India Conquered by Jon Wilson

India Conquered by Jon Wilson

Author:Jon Wilson [Wilson, Jon]
Language: eng
Format: epub
ISBN: 9781471101274
Publisher: Simon & Schuster UK


10

THE LEGALIZATION OF INDIA

Albert Edward, Prince of Wales, visited India in 1875. With a retinue of a dozen doctors, journalists, churchmen and lords, he hunted and dined through every part of India with splendid self-confidence. A year later Queen Victoria had herself officially declared Kaisar-e-Hind, Empress of India. In 1877, an elaborate ceremony was held in the old Mughal capital of Delhi to confirm the new title. With these acts, officials said, ‘the union of India with England has been asserted to be indissoluble’.

Motivated more by Britain’s status in Europe than the administration of India, the new pageantry was very shallow. Beneath their new elaborate costumes, the British officers charged with the day-to-day administration of India were still gripped by panic. Twenty years after Britain had reconquered the northern provinces of India, the imperial bureaucrats who ruled India were newly fearful about the security of their regime.

There was paranoia on India’s borders, which led to war against assertive neighbours in Afghanistan and Burma. There were new concerns about internal resistance, where memories of the mutiny gave imperial officials a heightened sense of their insecurity. The murder of two British judges in the late 1860s persuaded British officers that ‘sources of anxiety’ were very real. Bureaucrats saw seditious conspiracies everywhere, blaming them on the ‘fanaticism’ of Muslims and the hostile ‘national sentiment’ of Hindus. Muslim radicals were incarcerated, tortured and convicted of waging war against the Queen, despite thin evidence. At the same time, British officers started to note the emergence of new political associations organizing in the urban centres of the subcontinent from Lahore and Dhaka to Madras.

Western India was the area of greatest worry.
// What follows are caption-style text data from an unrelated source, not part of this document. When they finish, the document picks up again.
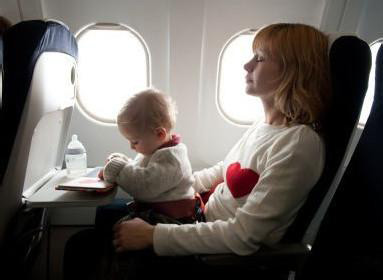 宝宝乘坐飞机安全问题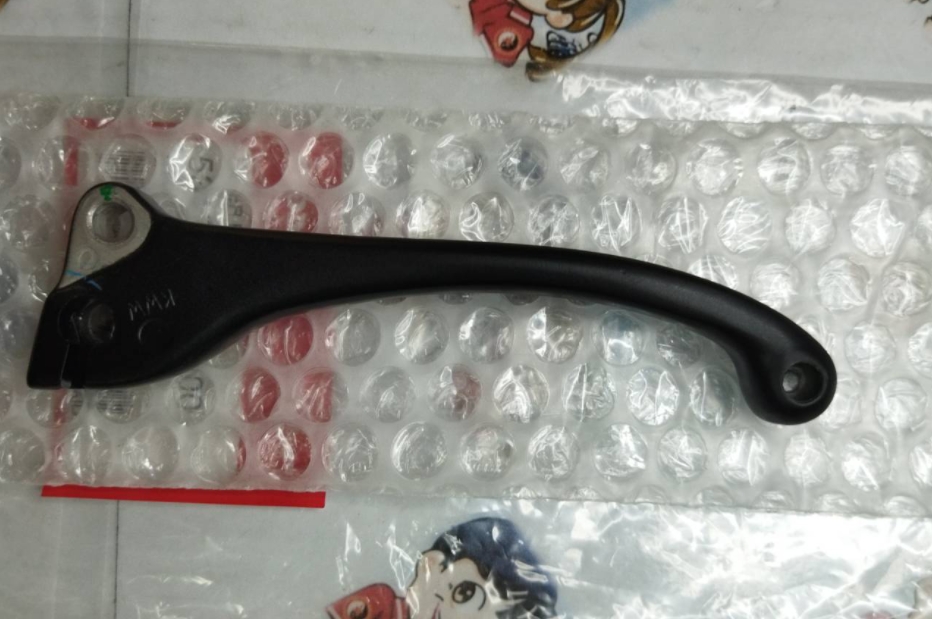 คันเบรกหน้า สำหรับรุ่น DREAM110i, SUPER CUB, WAVE110i อะไหล่แท้ HONDA 53175-KWW-600 (ดำ), 53175-KWW-660 (ขาว)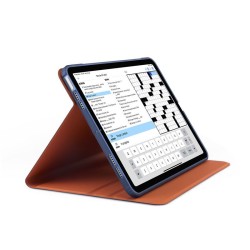 Husa Pipetto Origami No5 compatibila cu iPad Air 4 2020 / 5 2022 / 6 2024 Dark Blue Husa Pipetto Origami No5 compatibila cu iPad Air 4 2020 / 5 2022 / 6 2024 Dark Blue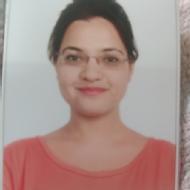 Deepika R B. Class I-V Tuition trainer in Delhi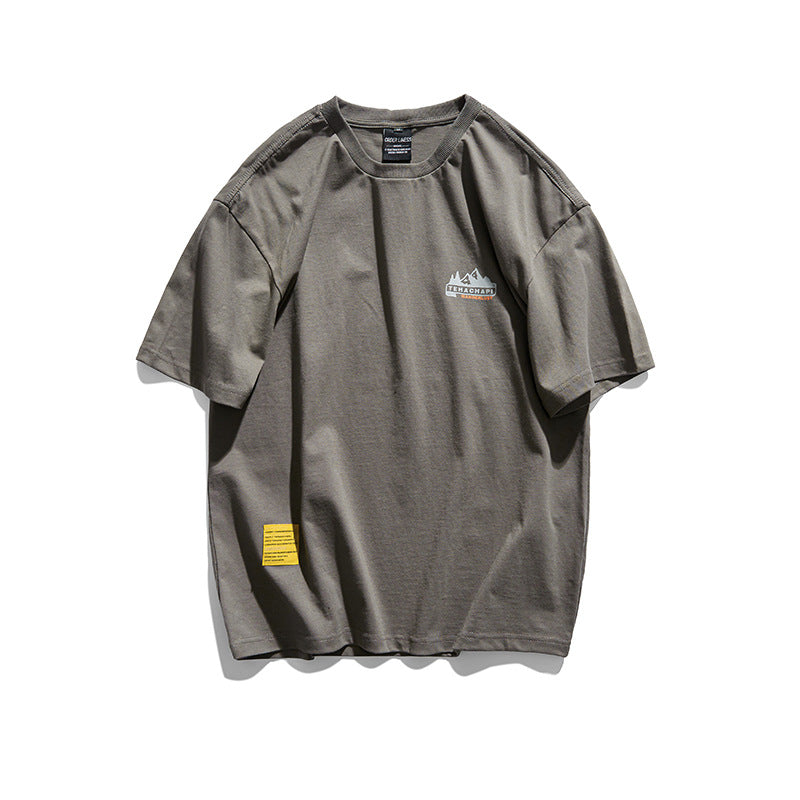 Tokyo Print Vintage Tee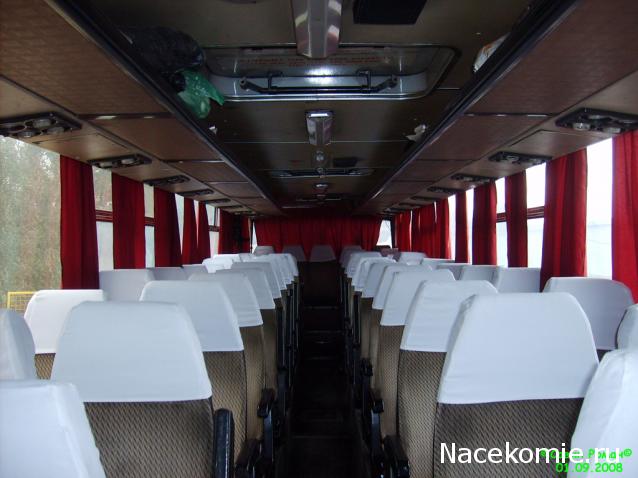 Околоавтобусная болталка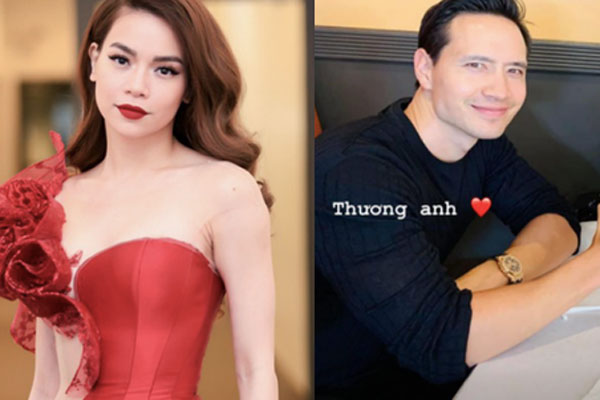 Hà Hồ đăng ảnh chào tháng mới, còn thích thú làm phép đếm, dân tình đặt ngay thuyết âm mưu” về chuyện sinh con của chị đẹp-5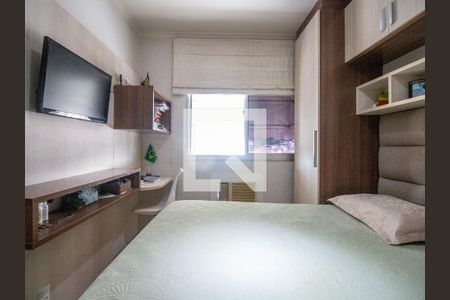 Quarto Suite de apartamento para alugar com 3 quartos, 64m² em Imperial de São Cristóvão, Rio de Janeiro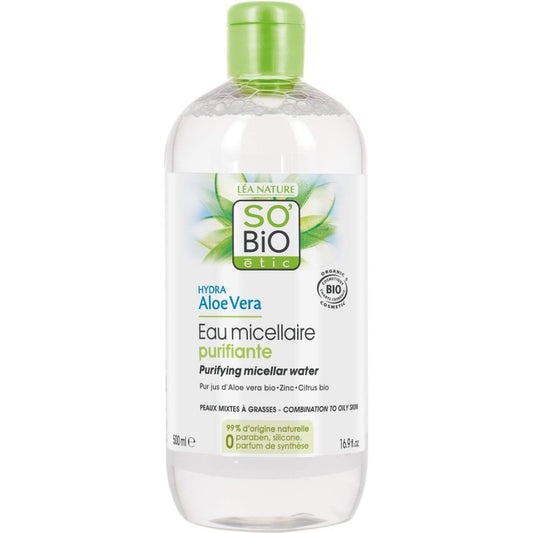 PURE - Reinigendes Mizellenwasser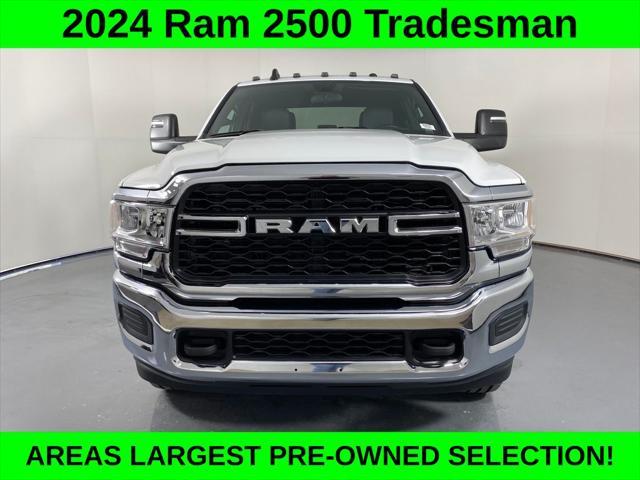 used 2024 Ram 2500 car, priced at $59,995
Two developments particularly concerned the British.

The first was the birth of the Pune Sarvajanik Sabha, an organization founded in 1870 by a group of men who wanted to voice criticism within the institutions of the imperial regime, led by the judicial officer and social reformer Mahadev Govind Ranade. Born in 1842 to a family of Brahmin government officials, Ranade was one of the first students to be educated at the University of Bombay. He started off as a fervent critic of British rule. Ranade’s scholarship was suspended after he wrote an essay saying India was better off before the British conquest. Throughout his life, he sought to revive the ‘national’ spirit of self-rule he saw in Shivaji’s Maratha state; Ranade wrote a history, the Rise of the Maratha Power, which attributed its growth and survival to popular patriotic sentiment. But Ranade’s celebration of India’s past was increasingly coupled with a clear sense of the opportunities that lay open in modern, British-ruled India. If they were ‘roused’ by institutions articulating their voice and left for the most part to rule themselves, Ranade thought there was scope for ‘the mass of the people’ to flourish under British sovereignty. He compared the British conquest in India to what he saw as William the Conqueror’s beneficial invasion of England in 1066.1

His style of critical loyalism did not prevent British officers from suspecting that Ranade supported violent opposition to British power.